Wire thickness—0.070 inches
Ring inner diameter—0.366 inches

Example 3

Wire thickness—0.070 inches
Ring inner diameter—0.369 inches

The process described herein provides an alloy component with enhanced ductility characteristics, and in fact, provides an alloy component with such increased ductility that the alloy component can be formed into ring-shaped members as discussed above. The alloy component discussed herein has a liquidus temperature above about 840° F., thus making the ring-shaped members formed from the alloy component suitable for brazing applications. In fact, one embodiment of the alloy component includes the component having a brazing temperature below about 1300° F. In another embodiment, the alloy component has a brazing temperature below about 1250° F.

As noted herein, prior to the extrusion of the alloy component, the alloy material is in the form of a billet. A billet can comprise multiple forms (e.g., block or cylinder). The billet can be cast from a melting process whereby the chemical elements used to make the alloy material are added together. In one embodiment, the alloy material in its broadest form consists essentially of phosphorus, silicon, copper and at least one of tin and antimony. In another embodiment, the alloy consists essentially of from about 6.0% to about 7.0% phosphorus, from about 6.5% to about 7.0% tin and/or antimony, from about 0.005% to about 0.4% silicon and the remainder copper. In yet another embodiment, the alloy consists essentially of from about 6.5% to about 6.7% phosphorus, from about 6.65% to about 6.85% tin and/or antimony, from about 0.01% to about 0.2% silicon and the remainder copper. In another embodiment, the alloy consists essentially of about 6.6% phosphorus, about 6.75% tin and/or antimony, about 0.015% silicon and the remainder copper. It is noted, that impurities may be present by virtue of the raw materials used to manufacture the alloys or due to process conditions, and are to be distinguished from elements intentionally added to the alloy. Thus, the embodiments of the alloy materials described herein may include impurity amounts of other elements. While the alloy material can include other chemical elements, one embodiment contemplates having the alloy component formed substantially of only the elements phosphorus, tin, silicon and copper. It is noted that, in an alternative embodiment, tin could be replaced with or used in conjunction with antimony. Moreover, a benefit of adding silicon in the presence of tin is to provide a color and/or texture change of the copper base from a dull, grainy, brown finish to a very smooth finish and/or bright tin color. Silicon added to the alloy can also increase the average tensile strength of copper alloys.

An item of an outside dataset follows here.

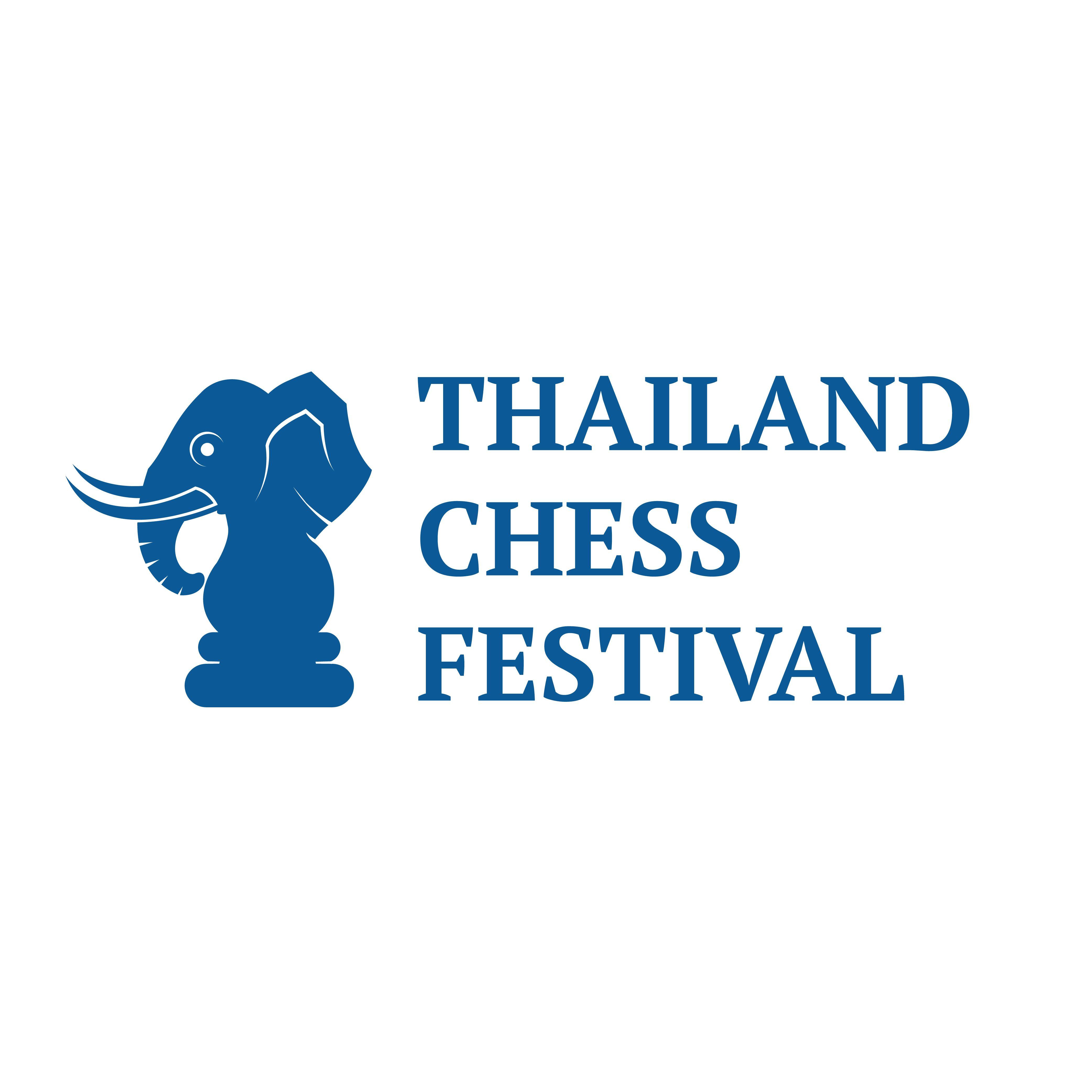 Thailand Logo - Home Chess Festival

In accordance with one embodiment, the ring-shaped member 52 can be placed between two metal or alloy parts and then heated such that at least a major portion of the alloy material from the ring-shaped member 52 is molten such that it flows between the two metal or alloy parts. It is contemplated that the ring-shaped member can be coated with a flux material which can be mechanically added to the ring-shaped member during manufacture or manually added subsequent to production. It will be appreciated that the flux can facilitate improved flow and bonding of the molten alloy material. Once cooled, a brazen joint is formed, wherein the material of the ring-shaped member 52 is bonded to the two metal components. When the alloy component is in the form of a ring-shaped member, it can be used in applications where the parts to be joined are substantially tubular in shape.

Other advantages to using systems, methods and alloy components as described herein can be more broadly contemplated as well. For example, the alloy component provides a low melting temperature, provides strength and gives good capillary fill on loose joints and still works effectively on tight joints.

The foregoing description of embodiments and examples has been presented for purposes of illustration and description. It is not intended to be exhaustive or to limit the invention to the forms described. Numerous modifications are possible in light of the above teachings. Some of those modifications have been discussed, and others will be understood by those skilled in the art. The embodiments were chosen and described in order to best illustrate various embodiments as are suited to the particular use contemplated. It is hereby intended that the scope of the invention be defined by the claims appended hereto.

Claims

1. A method for manufacturing a brazing alloy component, the method comprising:

extruding a billet to form an elongated member, the billet comprising an alloy material consisting essentially of phosphorus, silicon, copper and at least one of tin and antimony;

drawing the elongated member through a die mechanism; and

cooling the elongated member to form an alloy component, wherein the alloy component is sufficiently ductile such that the alloy component can be formed into a ring-shaped member.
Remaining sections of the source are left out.